◆ Data below:
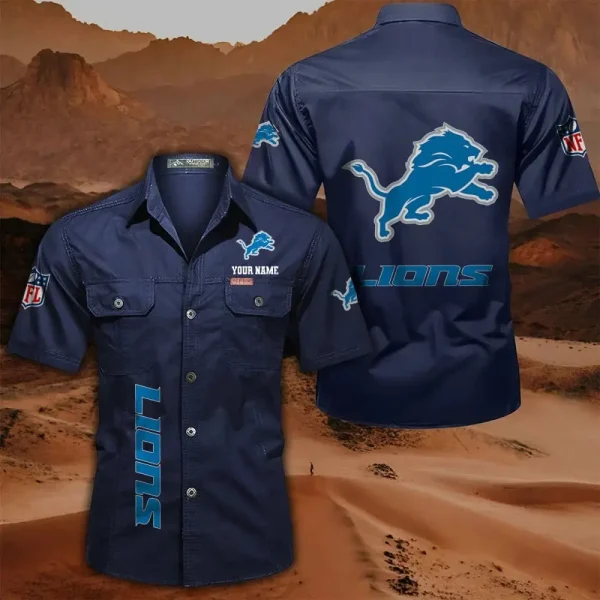 Detroit Lions Military Cargo Cotton Shirts - Image 9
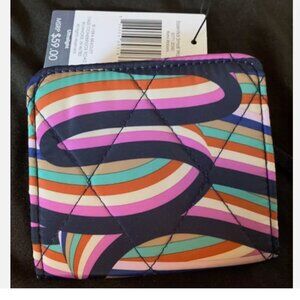 Vera Bradley Outlet Essential Small bifold snap Wallet rainbow Retro Ribbons NWT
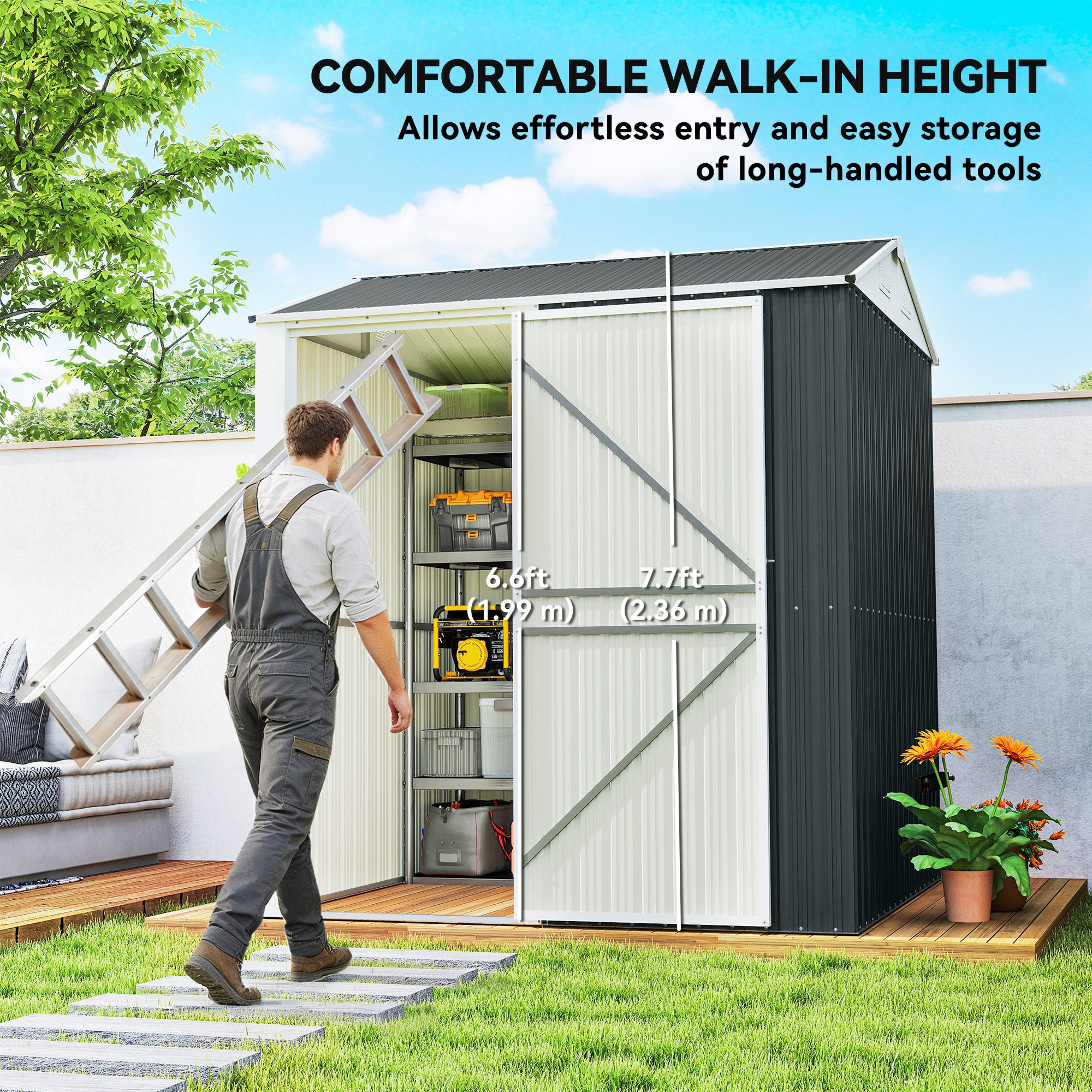 7' x 6' Tall Outdoor Storage Shed, Waterproof Metal Garden Shed with Gloves, Lockable Door, Dark Grey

◆ Description of the task: Produce an exact copy of each line of data, skipping embedded images.

◆ Answer to this exercise:
 Detroit Lions Military Cargo Cotton Shirts - Image 9
 Vera Bradley Outlet Essential Small bifold snap Wallet rainbow Retro Ribbons NWT
 7' x 6' Tall Outdoor Storage Shed, Waterproof Metal Garden Shed with Gloves, Lockable Door, Dark Grey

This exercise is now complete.